> [Instructions for the task] Copy nothing but the lines from the one containing "Balakhninskiy on map" through the last line of the entries below, exactly as written and without pictures.

═════ Stored data

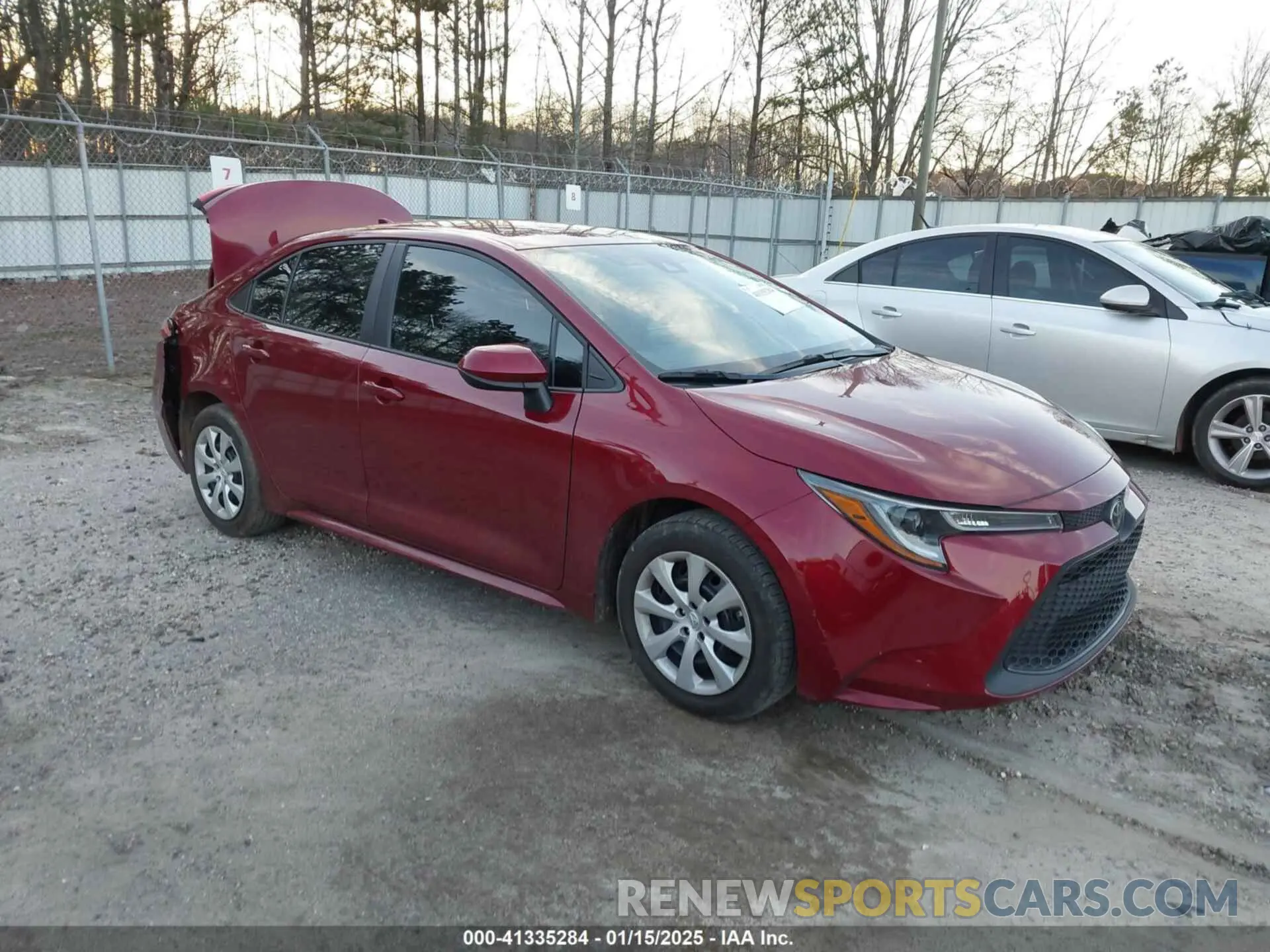 1 fotografías del automóvil dañado 5YFEPMAE8NP392208 TOYOTA COROLLA 2022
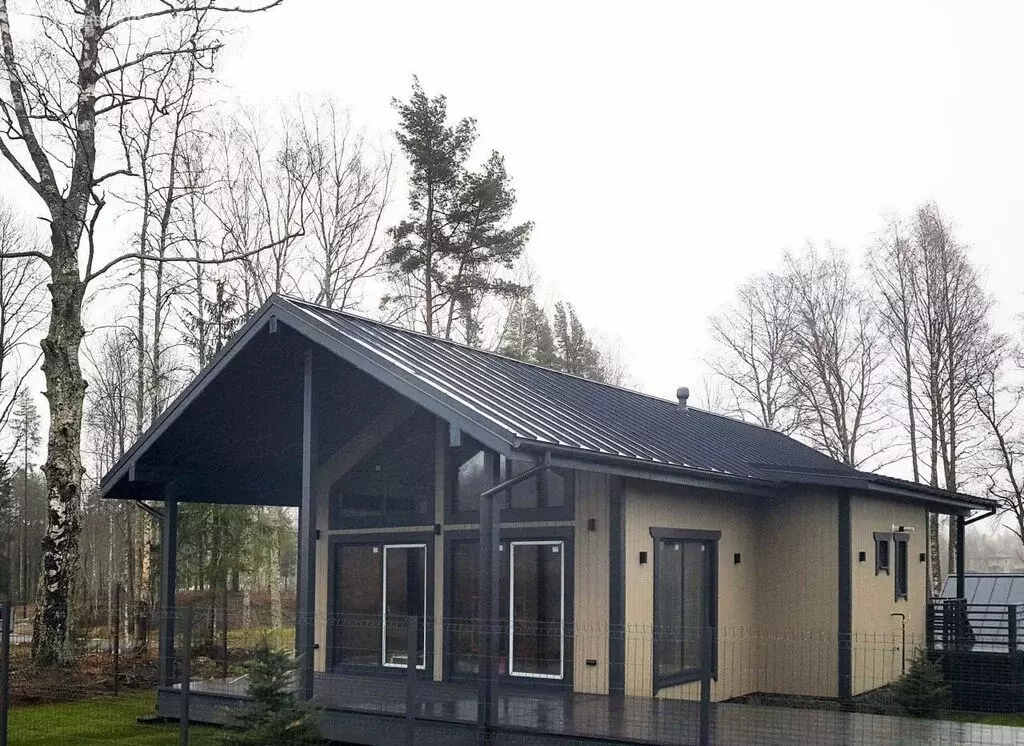 Дом в Куйвозовское сельское поселение, КП Белкино (82 м) - Фото 1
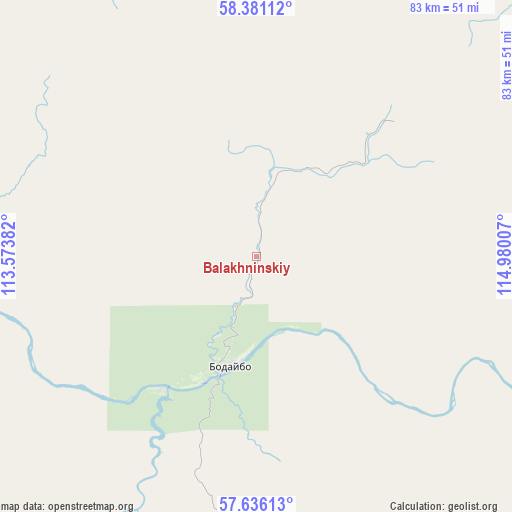 Balakhninskiy on map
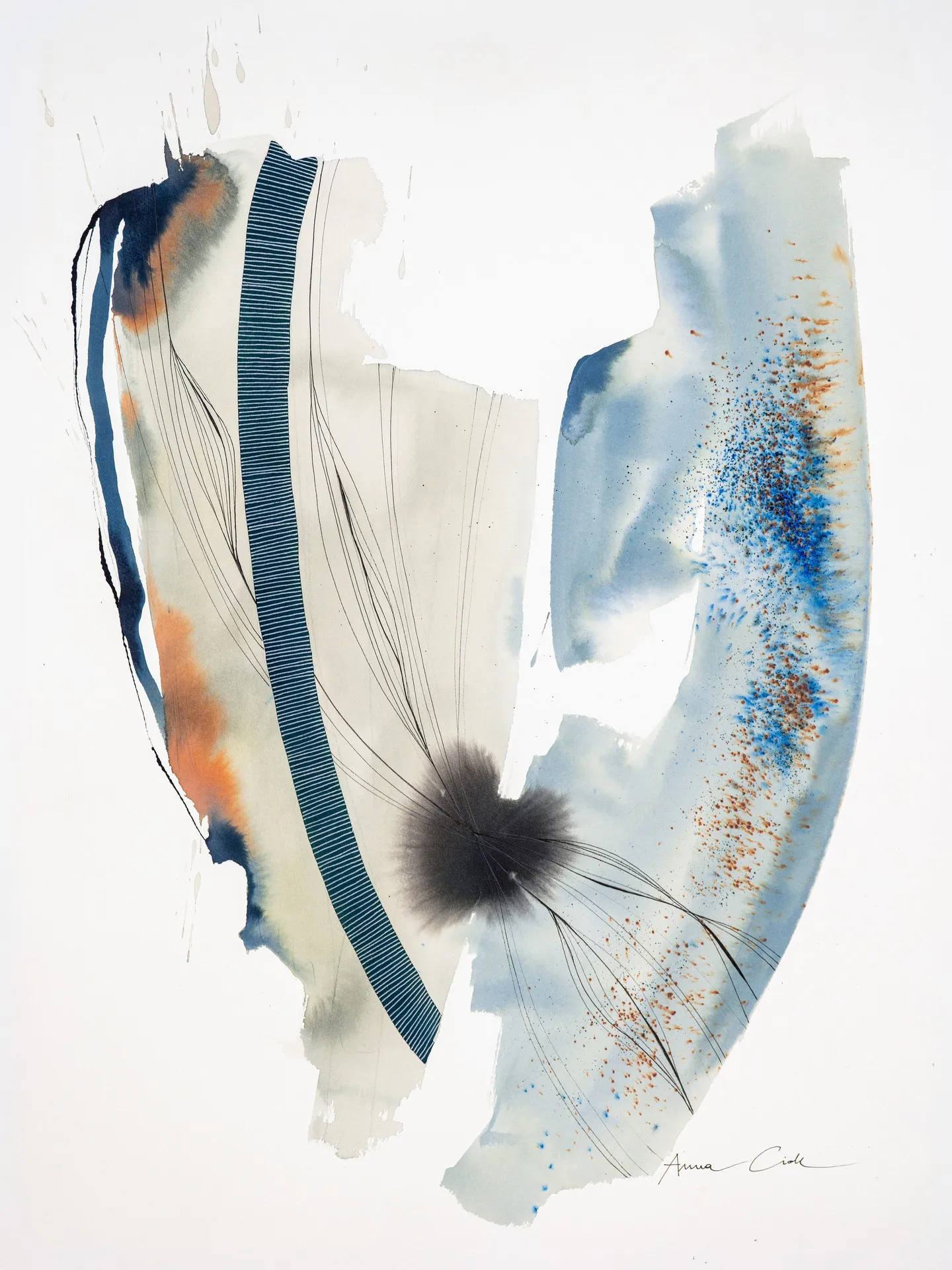 Linea 02 — 30×40 cm · ohne Rahmen
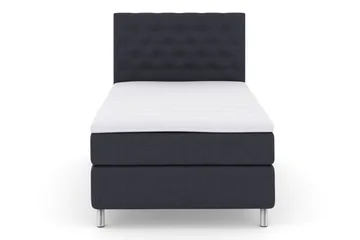 Select No 3 Kontinentalsäng 120x200 Medium, Blå/Metall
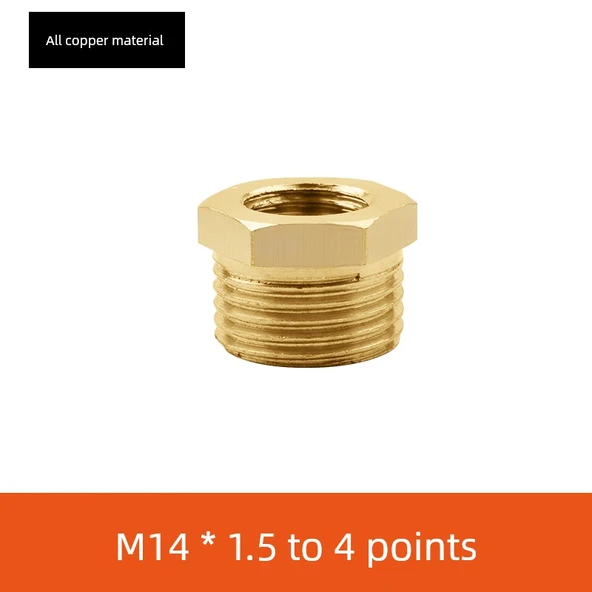Basınç Ölçer Ara Adaptörü - İçten M14 x 1.5 - Dıştan 4 Nokta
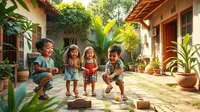350 Caption Masa Kecil yang Bikin Nostalgia dan Kangen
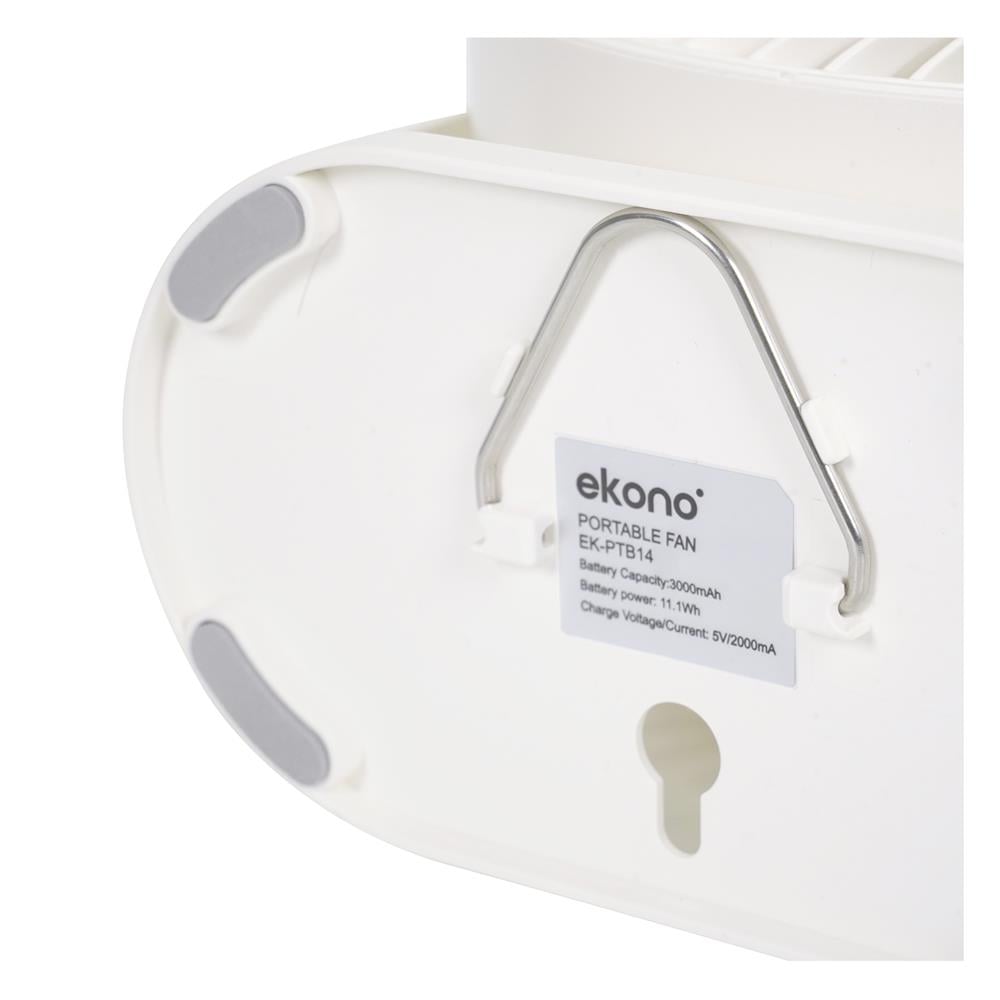 พัดลมพกพา 6 นิ้ว EKONO EK-PTB14WH สีขาว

══════════

> [Solution for this task]
 Balakhninskiy on map
 Linea 02 — 30×40 cm · ohne Rahmen
 Select No 3 Kontinentalsäng 120x200 Medium, Blå/Metall
Basınç Ölçer Ara Adaptörü - İçten M14 x 1.5 - Dıştan 4 Nokta
350 Caption Masa Kecil yang Bikin Nostalgia dan Kangen
 พัดลมพกพา 6 นิ้ว EKONO EK-PTB14WH สีขาว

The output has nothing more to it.